Top of DATA EXTRACT

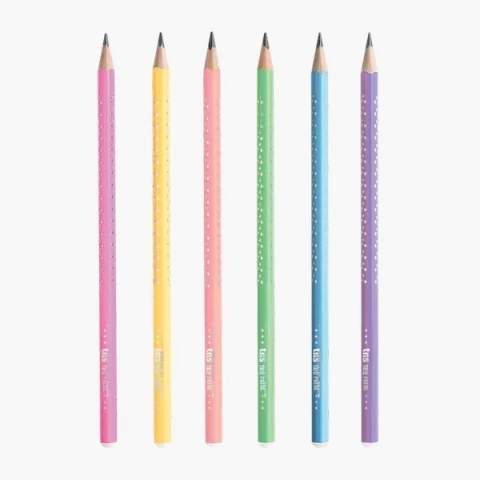 Lápis Preto Trio Pastel Tris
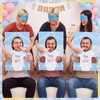 6 Sets Baby Shower Games Feed the Baby Blue Gender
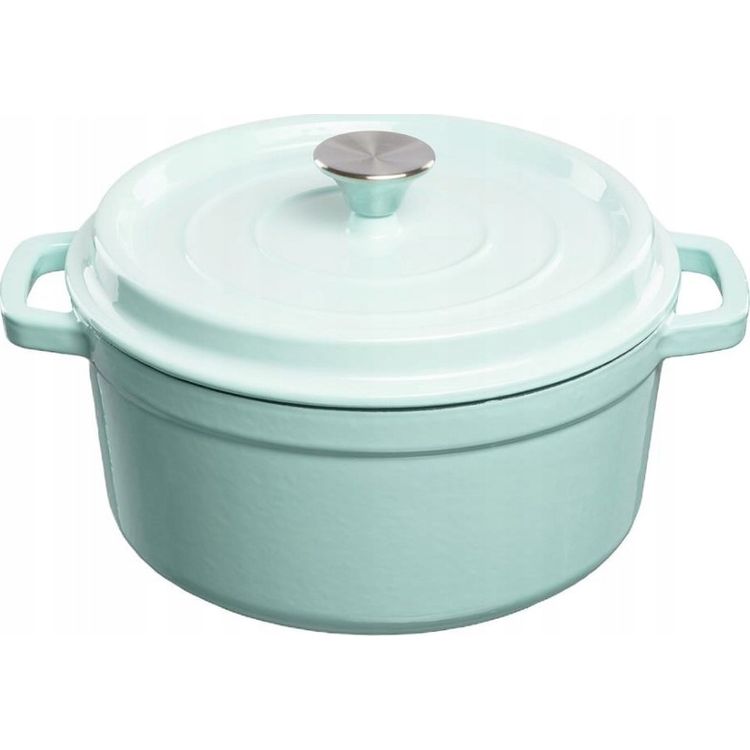 Tootefoto - CASSEROLE POT GRAND FEU 4.7L BLUE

Bottom of DATA EXTRACT

§ WHAT YOU HAVE TO DO:
Reproduce word for word the lines from the one containing "6 Sets Baby" through the end of the data, both ends kept. Drop the pictures.

§ TASK RESULT:
 6 Sets Baby Shower Games Feed the Baby Blue Gender
 Tootefoto - CASSEROLE POT GRAND FEU 4.7L BLUE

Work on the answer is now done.